Basic query syntax with scoring:

{
  "query": {
    "match": {
      "field_name": "search terms"
    }
  }
}

Here, Elasticsearch calculates a _score for each document based on how well it matches the query.

json

{
  "query": {
    "match": {
      "field_name": "search terms"
    }
  }
}

💻

Example

This example shows a search query on an index called products where we search for documents with the term coffee in the description field. Elasticsearch returns documents with a _score indicating relevance.

json

{
  "query": {
    "match": {
      "description": "coffee"
    }
  }
}

Output

{ "hits": { "total": 3, "hits": [ { "_id": "1", "_score": 1.2345, "_source": {"description": "Fresh coffee beans"} }, { "_id": "2", "_score": 0.9876, "_source": {"description": "Coffee maker machine"} }, { "_id": "3", "_score": 0.5432, "_source": {"description": "Tea and coffee set"} } ] } }

⚠️

Common Pitfalls

Common mistakes when working with scoring in Elasticsearch include:

Expecting scores to be absolute values rather than relative rankings.
Ignoring that scores depend on the index data and query type.
Not normalizing scores when combining multiple queries or functions.
Using filters instead of queries when you want scoring, since filters do not score.

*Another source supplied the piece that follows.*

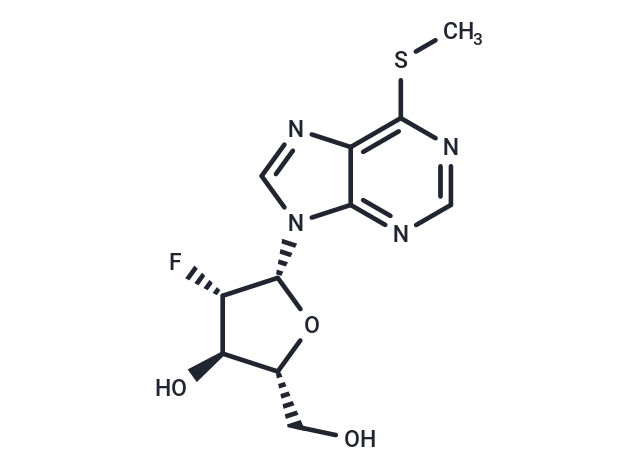 2'-Deoxy-2'-fluoro-6-S-methyl-6-thio-arabino-inosine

To fix scoring issues, ensure you use query clauses for scoring and consider using function_score to customize scores.

json

{
  "query": {
    "bool": {
      "filter": [
        { "term": { "category": "books" } }
      ],
      "must": {
        "match": { "title": "elasticsearch" }
      }
    }
  }
}

// This query scores only by the 'match' part; the 'filter' does not affect score.

📊

Quick Reference

Concept	Description
_score	The relevance score assigned to each document by Elasticsearch.
BM25	Default scoring algorithm considering term frequency, inverse document frequency, and field length.
Term Frequency (TF)	How often a term appears in a document; more appearances increase score.
Inverse Document Frequency (IDF)	Rarer terms across documents get higher weight.
Field Length Norm	Shorter fields with the term score higher than longer fields.
Function Score	Allows custom modification of scores using functions or scripts.
Filter Clause	Does not affect scoring; used to limit documents without scoring.
Query Clause	Used to calculate scores based on relevance.

✅

Key Takeaways

Elasticsearch uses the BM25 algorithm to calculate a relevance score called _score for each document.

Scores are relative and help rank documents by how well they match the query terms.

Filters do not affect scoring; use query clauses to influence scores.

You can customize scoring with function_score or script_score queries.

Understanding term frequency, inverse document frequency, and field length is key to interpreting scores.